Regia di Agostino Ferrente vedi scheda film
Non posso negare che all’inizio della visione dell’ultimo film di Agostino Ferrente, quando iniziano a scorrere le prime immagini, lo scetticismo mi ha inondato. Per fortuna, è durato poco. Nonostante Ferrente decida di utilizzare, ancora una volta, il documentario come forma e metodo di narrazione, mai come stavolta, la scelta si dimostra vincente.
Due ragazzi, Alessandro e Pietro, diventano registi della propria vita e, con l’utilizzo di un cellulare, filmano le loro giornate condite dall’amicizia vera e intensa che li unisce.
Questo metodo narrativo che inizialmente può sembrare un “prendere le distanze”, finisce per essere poi compreso pienamente quando ci si accorge che è invece una sorta di riverenza, un segno di rispetto che sta ad indicare che nessun altro sarebbe capace di raccontare quella realtà meglio di coloro che la vivono giorno per giorno.
Sullo sfondo la tragica vicenda di Davide Bifolco, sedicenne incensurato colpito a morte da un carabiniere, proprio lì in quel Rione Traiano che è la scenografia costante di questa pellicola dal tono differente che finisce per coinvolgere ed emozionare.
Riflessivo e forte, il film di Ferrente non utilizza mezzi termini, ti spiattella in faccia la realtà nuda e cruda. E’ il racconto dell’emarginazione di una generazione che vive ai confini delle città, in quelle periferie dove ogni destino è già scritto, e la rassegnazione si legge si volti di ogni giovane che attraversa il quartiere.

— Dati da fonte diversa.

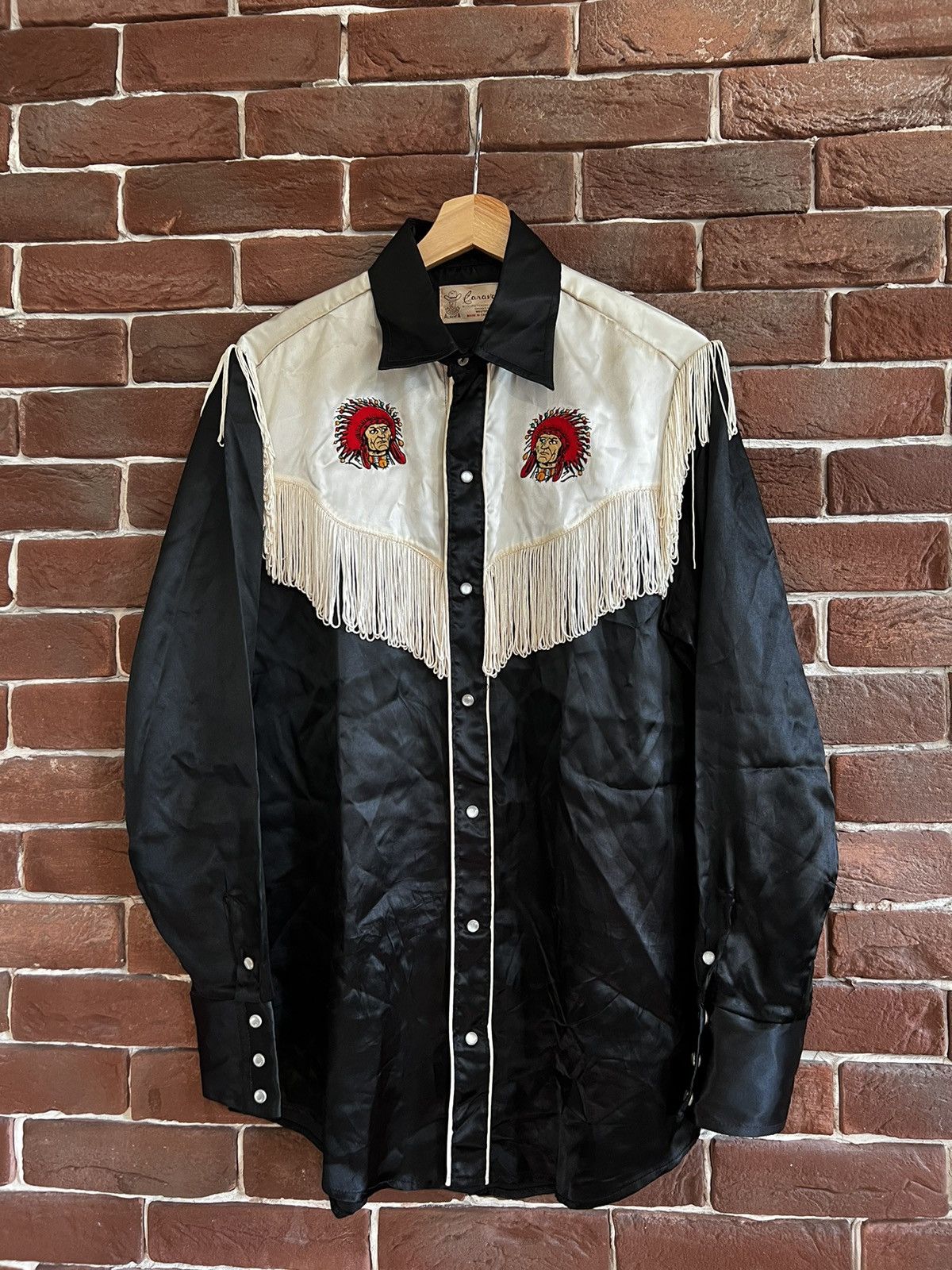 Other Vintage 80s Caravan Cowboy Western Button Up Shirt Hype Rare Size US M / EU 48-50 / 2 - 1 Thumbnail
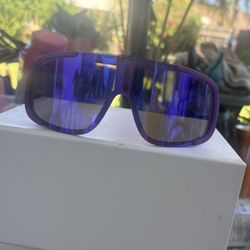 POC Purple Wrap Cycling Sunglasses Plastic Frame Unisex Adults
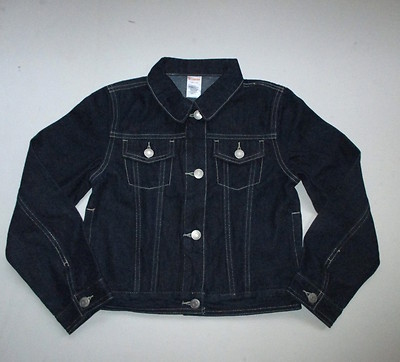 Gymboree Bright Ideas Denim Basic Jean Jacket Spring Girls L 10-12 NEW NWT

Amaro e necessario a comprendere una realtà che spesso ci viene raccontata senza cognizione di causa, e il metodo utilizzato, queste immagini imprecise, mai nitide alle cui immagini di un cellulare in modalità “selfie” con i protagonisti perennemente inquadrati, alternati a sequenze mute prese dalle telecamere poste in giro per il quartiere, compongono un opera fuori dal comune che possiede il potere di farci corrucciare la fronte, di porre l’attenzione verso qualcosa a cui non siamo abituati, ed era ora.